Quantum computers

Index

• Theoretical Bases
• Advantages / Disadvantages
• Encryption
  • Real Examples
• Future Forecast

Theoretical Basis

Currently computers works with bits. These are 1’s and 0’s that are formed depending on whether the transistors allow electricity to pass through. All these transistors together make up today’s computers, mobile phones… A quantum system, by superposition, can be in two states at the same time.

Current system --> 1 or 0
Quantum system --> 1 and 0

A normal transistor can do 1 operation at a time, while a quantum transistor, if its state is not determined, can do 4 operations at a time. This is one of the problems encountered in the quantum world, maintaining this overlap is a very high cost.

Coin in the hand --> Heads or Tails
Coin in the air --> Heads and Tails.

#QuBits	#bits	#bits	RAM
1	2	2 bits
3	8	1 Byte
33	8589934592	1 GByte
43	8.8x10^12	1 TByte

Advantages and Disadvantages

Advantages

• Faster computing: 1000 times faster than current supercomputers.
• Improved simulation: Being faster, more cases can be simulated.
• Improved privacy: By having a quantum cryptography, it is impossible to breach. China has said that it is impossible to hack.
• Improved AI and Machine Learning.

Disadvantages

• New algorithms: Current algorithms do not work and are very weak in a quantum world.
• The low temperature they need to work (-200 °C).
• It is not open to the public, and they are still in a very early stage, 10 QuBits.
• Internet security.

Quantum Encryption

QKD (Quantum Key Distribution). Photons: Smallest unit of energy in a light wave that cannot be divided. Polarization: property of waves that allows them to oscillate in more than one orientation. When a photo is observed, it alters and is determined in only one direction.

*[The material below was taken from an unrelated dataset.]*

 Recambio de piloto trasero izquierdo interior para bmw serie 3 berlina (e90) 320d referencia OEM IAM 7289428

Alice sends polarized photons in 4 different directions randomly.

1. Bob has 2 detectors to know how to interpret the directions that arrive to him. He does this randomly (this gives him a 50% chance).
2. When Bob has just read the message sent by Alice, she tells him what random chain of detectors she has used to detect the photons.
3. Alice compares Bob’s sequence with his initial sequence and tells him when he has used the detector incorrectly. In this way Bob knows which are the photons registered correctly (the ones he has made wrongly he does not use them).
4. The correct result will be the quantum key that will be used by both parties to encrypt and decrypt the information.

Why is it so secure?

If an attacker tries to listen to the string of photons that Alice sends to Bob, by observing these photons, he disrupts the quantum state by defining a state. As a result, the message that arrives to Alice is not the one she sent.

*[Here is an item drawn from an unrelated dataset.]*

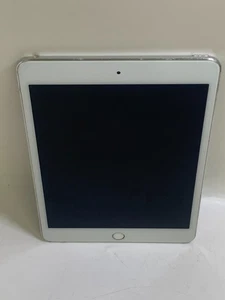 Apple iPad Mini 4th Gen 32GB Silver - Picture 1 of 10
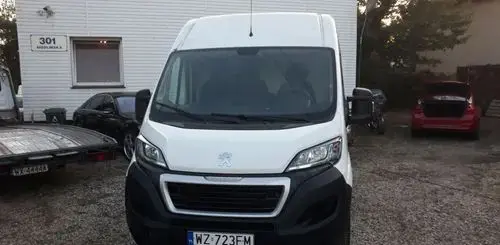 PEUGEOT Boxer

When Bob finishes reading the whole string, he sends a part of it to Alice to check. If she detects that there are many errors or inconsistencies, she will raise the alarm, saying that there is something altering the message. This procedure is repeated every few seconds for greater security.

Note: Quantum teleportation is being investigated to transport these keys.

Current problems

The biggest problem with quantum computers is how easy it is to crack current encryption systems. To take an example and be able to quantify it, we will take the 2048-bit RSA protocol. At the present time, a normal computer would take 300 trillion years to decrypt the key. While a quantum computer with, 4099 QuBits would take 10 seconds.

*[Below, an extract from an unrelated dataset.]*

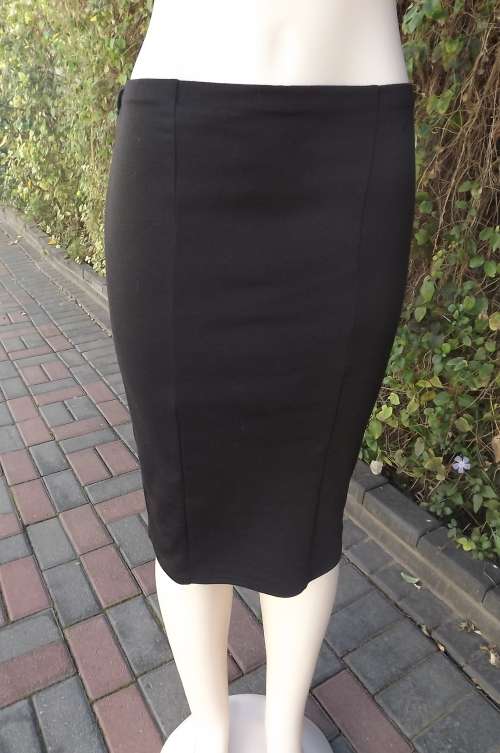 Black polyester stretch skirt by IMAGE size 34/10.Elasticated middle.Front in 3 panels.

Note: The quantum computer with the most QuBits is 127 (Eagle IBM).

Future Forecast

Currently, quantum computers are only a reality for those who have a lot of resources and capital. Among the most developed countries, the following stand out:

• The United States: With companies such as IBM, Google, Intel… Also the US government itself has one.
• China: This country is a bit of a mystery, but the last known news is that they sent an encrypted message to a distance of 1120 km.
• Next countries: These are the countries that have shown great interest in this new technology and how much capital they will allocate:
  • Australia: 2500 M $ (Silicon Quantum Computing).
  • Germany: 2000 M € (QSolid).
  • France: 1800 M € (France Quantum).
  • Spain: 60 M € (Quantum Spain).